Dataset Schema
The project uses a sample of the Kaggle credit card fraud dataset, curated by the Machine Learning Group at Université Libre de Bruxelles.
Raw Schema
The CSV file contains 31 columns and 94,926 rows.
| Column | Type | Range | Description |
|---|---|---|---|
Time | float64 | 0 – 172,792 | Seconds elapsed from the first transaction in the dataset. Dropped during feature engineering — not useful for point-like fraud predictions. |
V1 | float64 | ≈ −56 to 2 | PCA component 1 (privacy-preserving transformation applied by the dataset curators) |
V2 | float64 | ≈ −73 to 22 | PCA component 2 |
V3 | float64 | ≈ −48 to 10 | PCA component 3 |
V4 – V28 | float64 | varies | PCA components 4 through 28. Exact ranges vary per component. All are the result of a PCA transformation; original feature names are undisclosed for confidentiality. |
Amount | float64 | 0 – 25,691 | Transaction amount in original currency units |
Class | float64 | 0.0 or 1.0 | Target variable. 0 = legitimate transaction, 1 = fraudulent transaction. |
Class Distribution
| Class | Count | Percentage |
|---|---|---|
| 0 (legitimate) | 94,777 | 99.84% |
| 1 (fraud) | 149 | 0.16% |
The dataset is extremely imbalanced. This motivates the use of AUCPR (Area Under the Precision-Recall Curve) rather than accuracy as the primary evaluation metric.

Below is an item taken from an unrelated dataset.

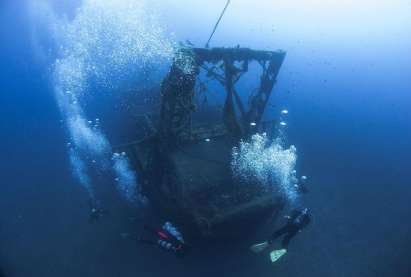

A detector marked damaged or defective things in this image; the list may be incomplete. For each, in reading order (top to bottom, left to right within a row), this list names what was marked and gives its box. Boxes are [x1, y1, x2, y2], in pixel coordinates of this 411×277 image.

corroded metal structure [119, 47, 286, 235]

Raw vs. Model-Input Schema
| Schema | Columns | Purpose |
|---|---|---|
| Raw (CSV) | 31: Time, V1–V28, Amount, Class | As loaded from data/creditcardsample.csv |
| Model input | 29: V1–V28, Amount | After dropping Time and separating Class as the target. Features are ordered alphabetically by column name (Amount, V1, V2, …, V28). |
| Model target | 1: Class | Binary fraud label |
The distinction between raw and model-input schema is critical for building a compatible inference client — the Model Endpoint Contract expects exactly 29 features in the model-input ordering.